What needs to be done:
Only one stretch of the records below is wanted: the lines from the one holding "Jose de Goya y Lucientes" through the one holding "Gingershred Bodybuilder Lustiger". Return it exactly, both ends included.

Data provided:
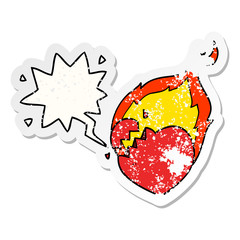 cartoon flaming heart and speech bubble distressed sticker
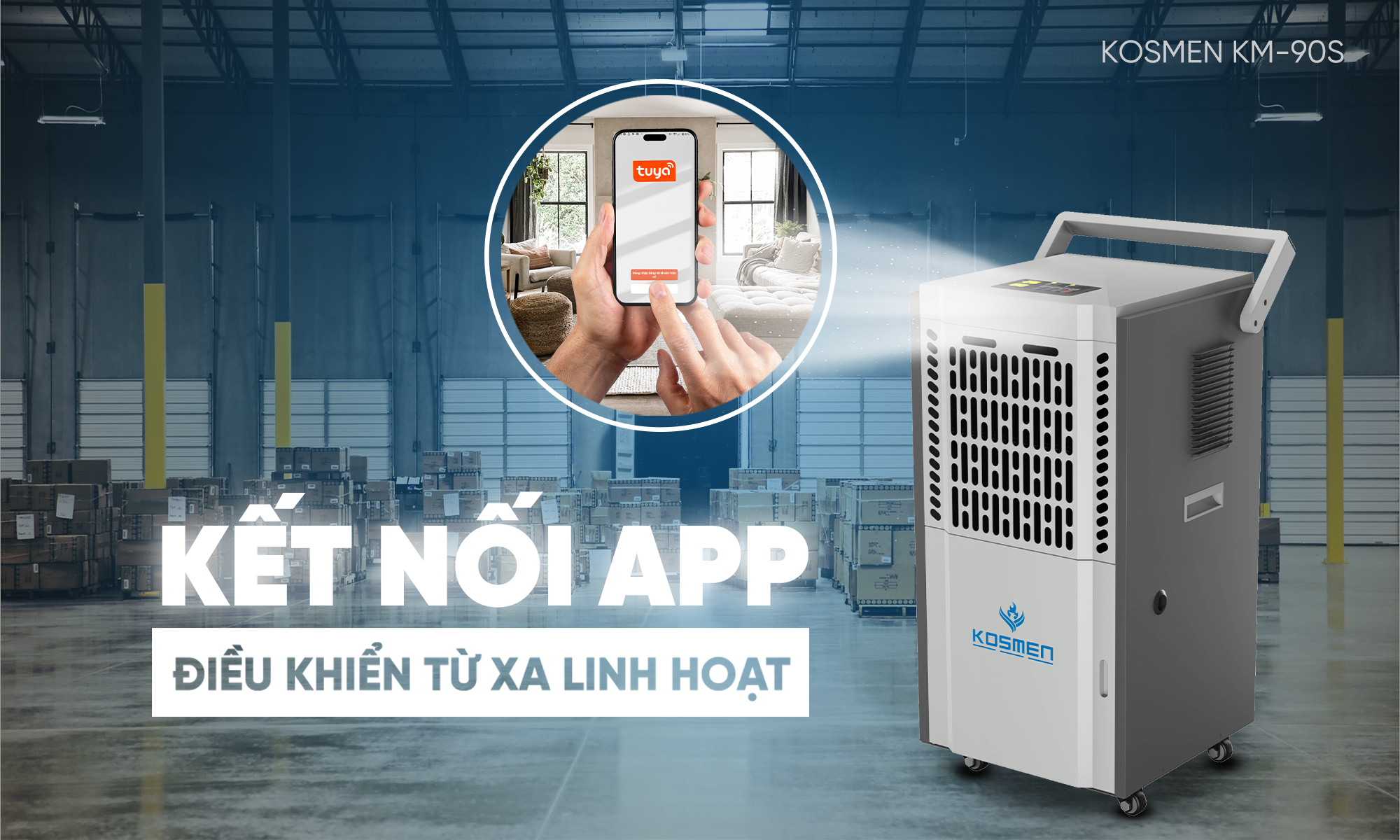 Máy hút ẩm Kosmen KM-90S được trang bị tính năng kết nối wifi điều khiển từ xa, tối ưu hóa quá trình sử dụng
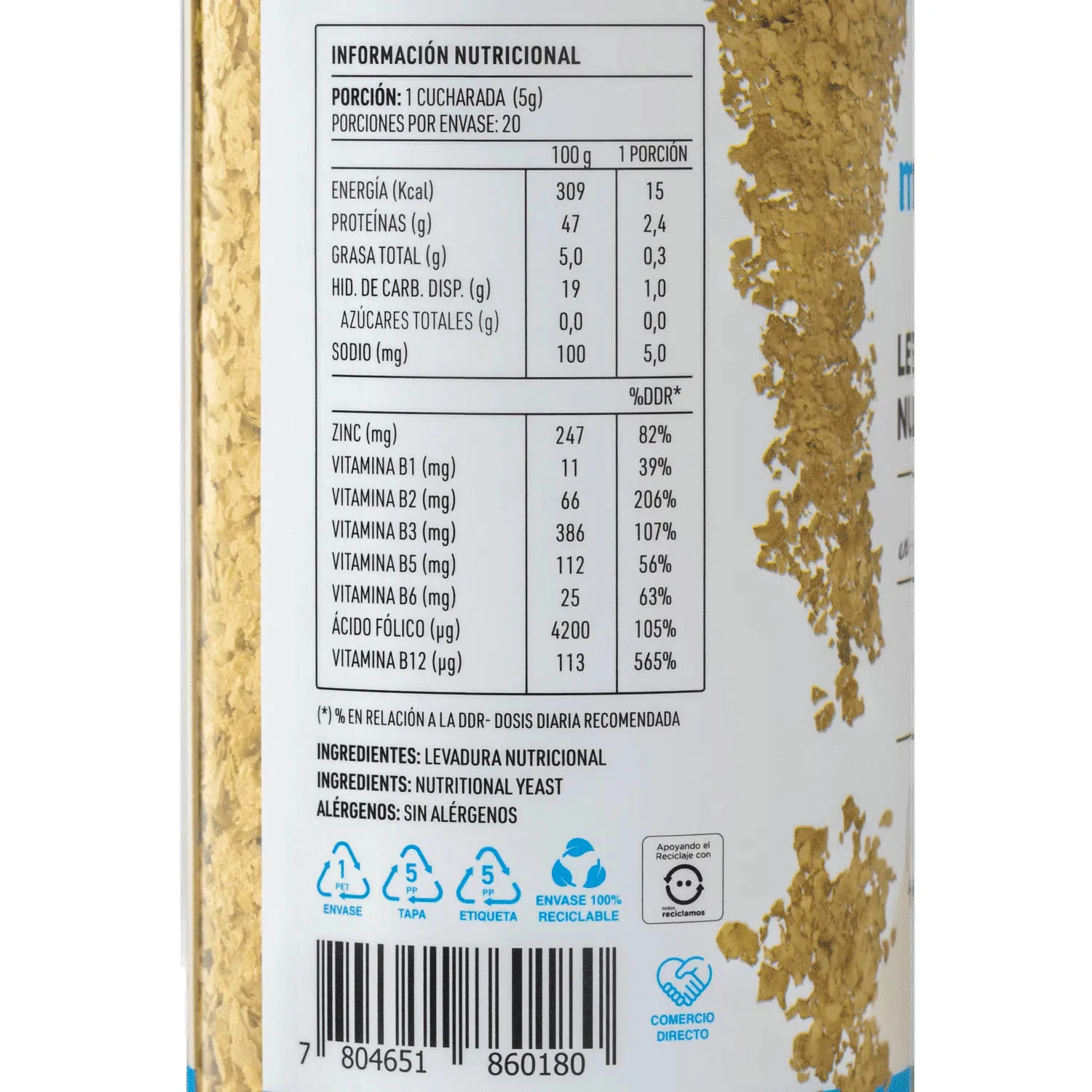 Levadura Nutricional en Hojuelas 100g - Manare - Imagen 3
* * *
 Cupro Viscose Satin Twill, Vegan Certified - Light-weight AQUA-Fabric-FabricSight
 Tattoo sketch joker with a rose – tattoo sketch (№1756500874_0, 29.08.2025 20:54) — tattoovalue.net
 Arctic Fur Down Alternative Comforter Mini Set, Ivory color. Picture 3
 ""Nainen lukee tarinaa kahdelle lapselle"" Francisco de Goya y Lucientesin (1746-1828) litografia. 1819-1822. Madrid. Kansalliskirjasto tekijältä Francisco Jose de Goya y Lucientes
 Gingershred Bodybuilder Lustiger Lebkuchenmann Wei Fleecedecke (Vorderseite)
---
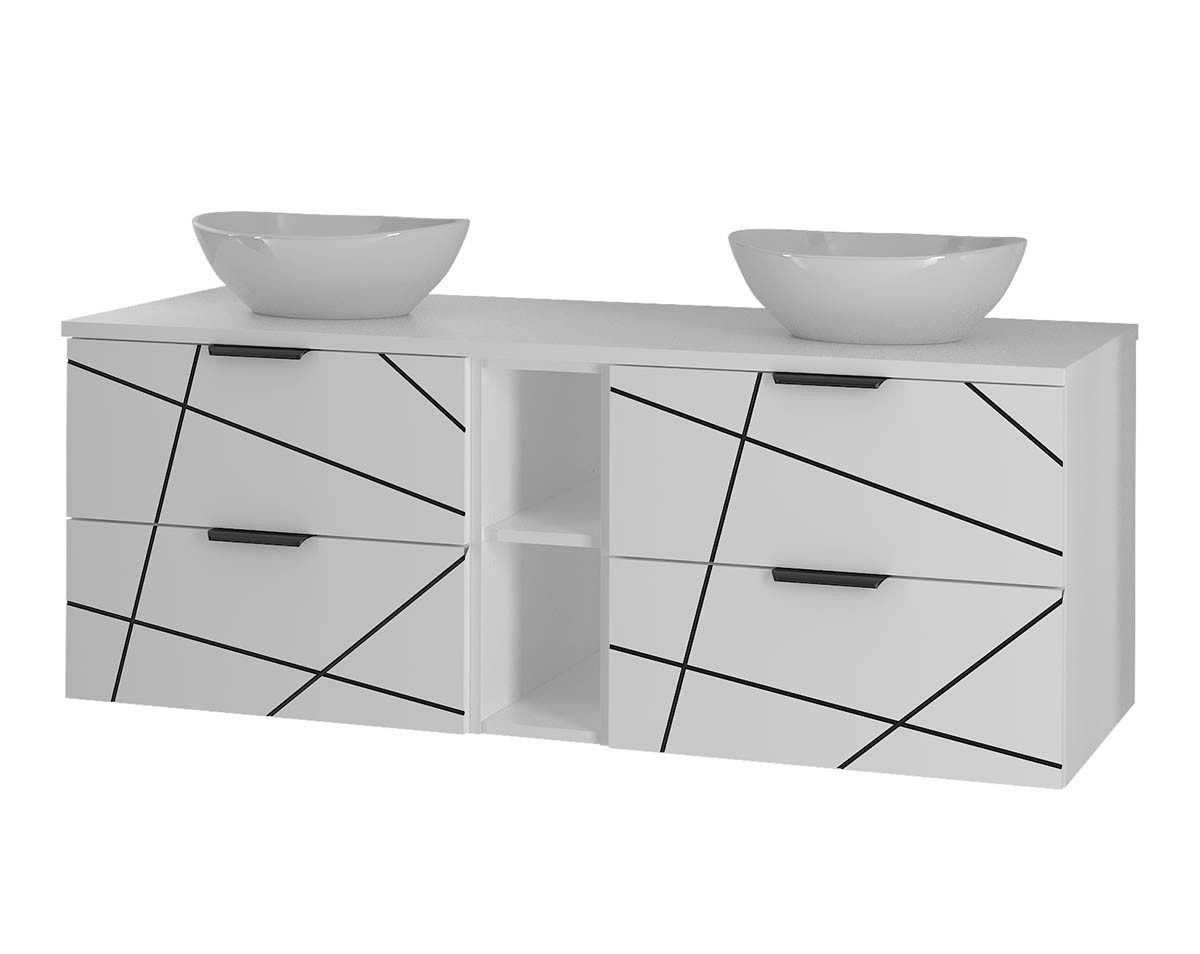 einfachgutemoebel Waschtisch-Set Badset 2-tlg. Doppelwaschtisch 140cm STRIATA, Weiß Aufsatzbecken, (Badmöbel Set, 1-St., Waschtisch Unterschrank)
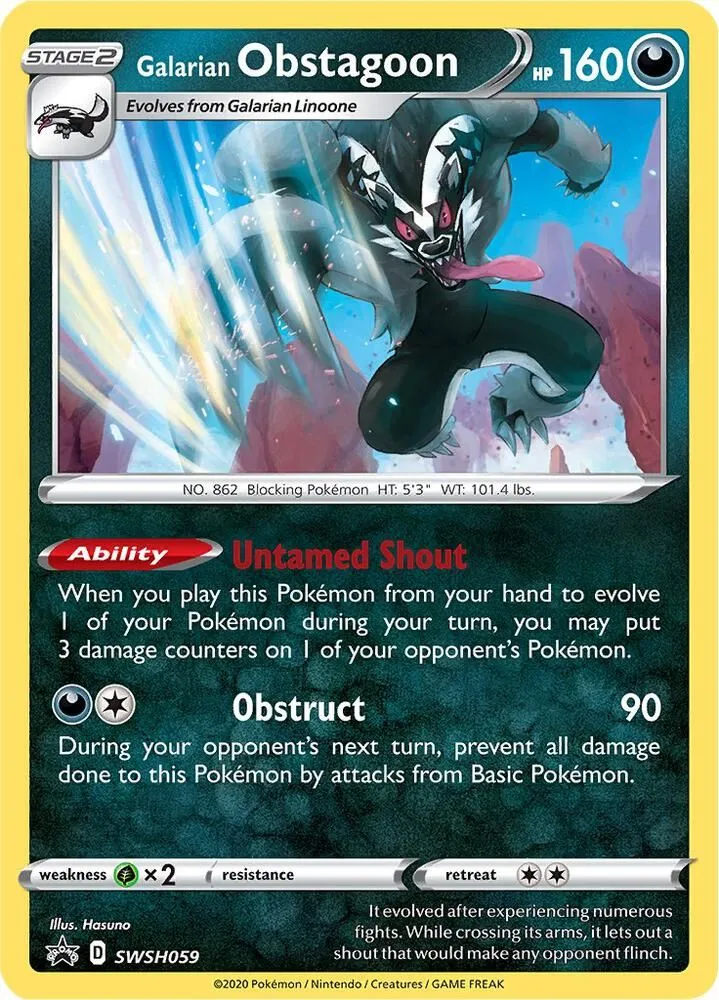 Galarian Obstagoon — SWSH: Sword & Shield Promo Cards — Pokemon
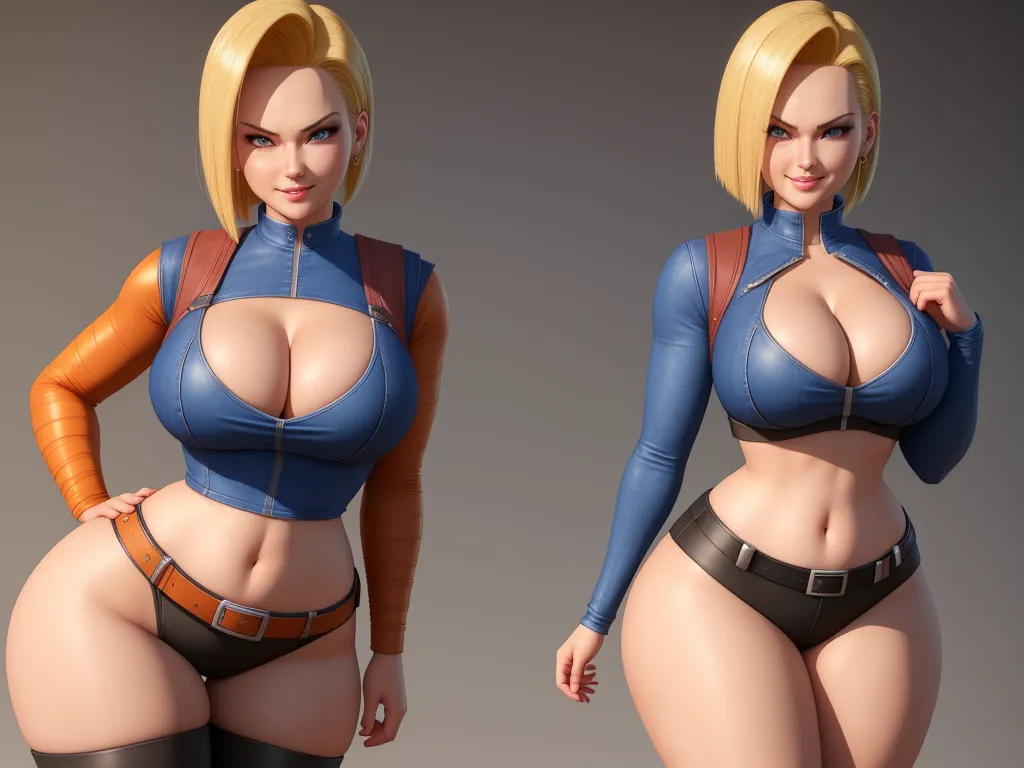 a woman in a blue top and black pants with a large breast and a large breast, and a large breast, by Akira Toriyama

Task response:
 ""Nainen lukee tarinaa kahdelle lapselle"" Francisco de Goya y Lucientesin (1746-1828) litografia. 1819-1822. Madrid. Kansalliskirjasto tekijältä Francisco Jose de Goya y Lucientes
 Gingershred Bodybuilder Lustiger Lebkuchenmann Wei Fleecedecke (Vorderseite)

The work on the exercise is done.